Oh dear. Perhaps a little bit of linguistic knowledge is a dangerous thing.

However it happened, I somehow came to believe that I needed to make the sounds zh, ch, and sh way up in the roof of my mouth.

Now, I don’t think I was alone in this. I know at least some other foreign learners of Chinese find themselves exhausted by the attempt to produce these sounds, and gradually realise they’re going to have to relax a little. Maybe they even notice, as I did, that the sound produced right up there is just not very much like that of their Chinese friends. Besides, most of those friends don’t dribble that much during conversation.

So, gradually, I found a position with my tongue tip no longer turned up, but turned down a little, just above the alveolar ridge. This was easier, and it seemed to sound a little better.

Of course, this isn’t the whole story. It wasn’t that I’d started off wrong, and then got it right; it was that I’d started off completely wrong, and then managed to get it slightly less wrong.

These sounds are simply not produced that far back or that high up.

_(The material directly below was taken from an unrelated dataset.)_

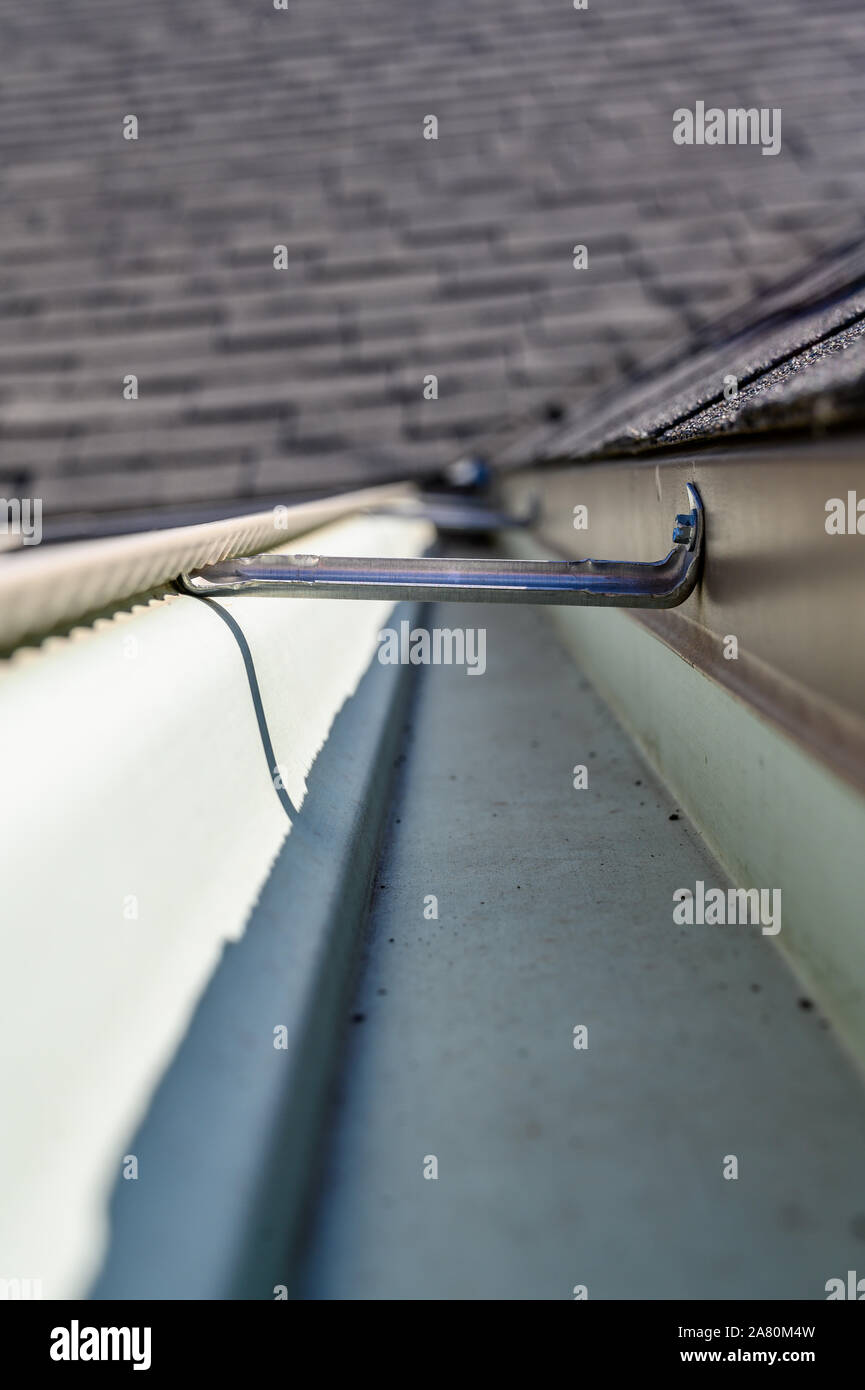 view inside roof gutter with clips and edge of shingles Stock Photo Alamy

If you’re one of those who made the same mistake as me, and then adjusted a little, as I did, maybe you’re saying to yourself, “But, if I made those sounds any further forward, my tongue would be in basically the same place that it is for those English sounds!”

Uh huh…

You’re catching on.

In the next few posts, I intend to show why English speakers should simply not be taught how to pronounce the Pinyin sounds zh, ch, and sh when they start learning Chinese.

Note: I appreciate many that many foreign learners of Chinese have a mother tongue other than English and that may well affect their Chinese pronunciation quite differently. Please do feel free to share any insights below.

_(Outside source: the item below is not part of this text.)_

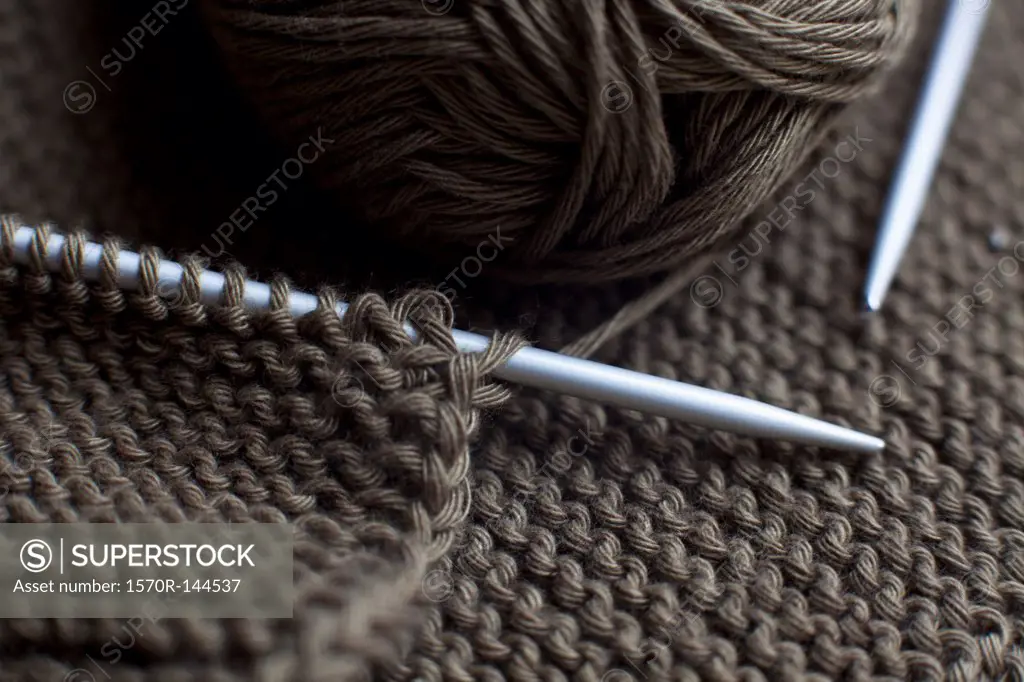 A pair of knitting needles, knitting and a ball of yarn, full frame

14 responses to “Shurely shome mishtake!”

  1. Peter says:

    Yeah, I live in Shanghai, and my pronunciation has… adapted to the region. Based on my observations, I’d say that when locals (or for that matter, anyone who isn’t from 东北) aren’t too busy mixing up their zhi-chi-shi’s and zi-ci-si’s, they’re pronouncing them exactly the same–modulo aspiration/voicing changes–as in English (tʃ tʃʰ ʃ), or at least no farther back than that.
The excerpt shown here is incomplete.